I have no idea if time travel and changing the past are even possible, so I’ll put my fascination with the subject aside to make a more accessible point: We may not be able to change the past, but we can change how we regard it. Historians revisit the past practically every day, and not infrequently they alter and sometimes substantially revise our perceptions of it. At times, subsequent events and reflections contribute to those changed understandings.

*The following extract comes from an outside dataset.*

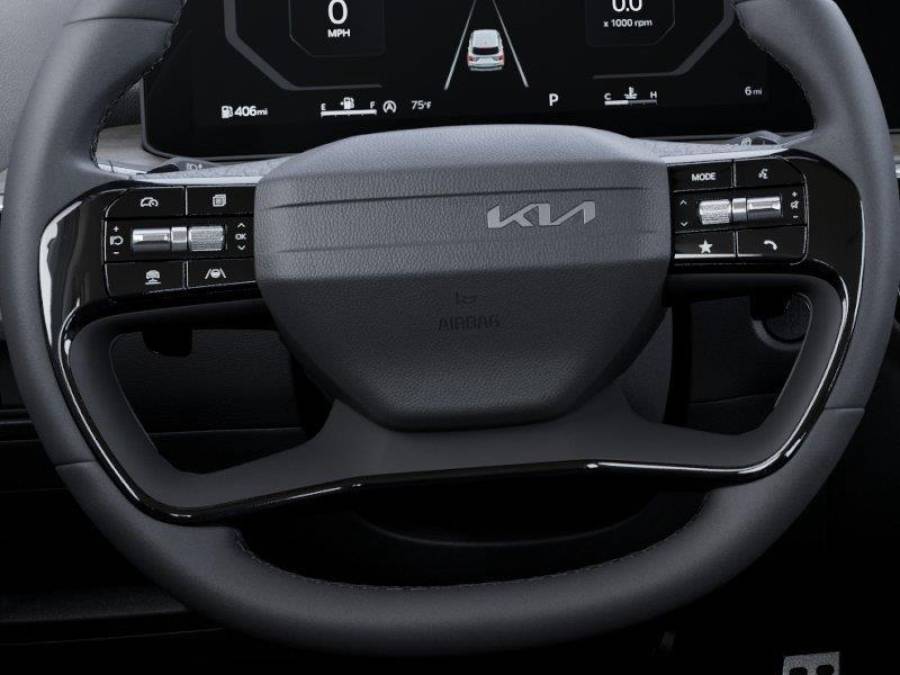 New 2026 Kia Sorento for sale in Grand Island NE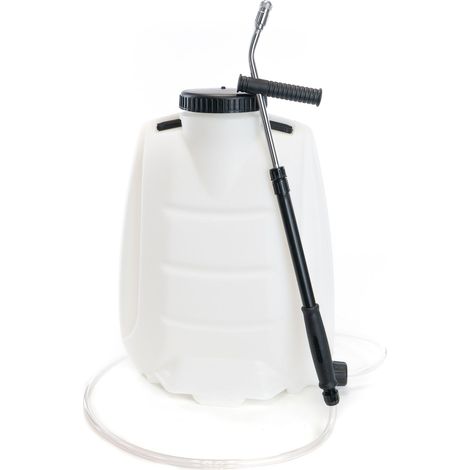 Pulverizzatore Atlas 12 L Matabi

This occurs even more frequently at a personal level. In fact, that’s what I’d like to explore here, by taking a look back at my undergraduate alma mater, Valparaiso University (also known as “Valpo” or simply VU) in northwest Indiana. For readers unfamiliar with it, Valpo is a small-to-medium sized Lutheran-affiliated school, noted for its strong liberal arts curriculum and attention to undergraduate education. Most students live on or near the campus, which is located on the outer edges of the small city of Valparaiso.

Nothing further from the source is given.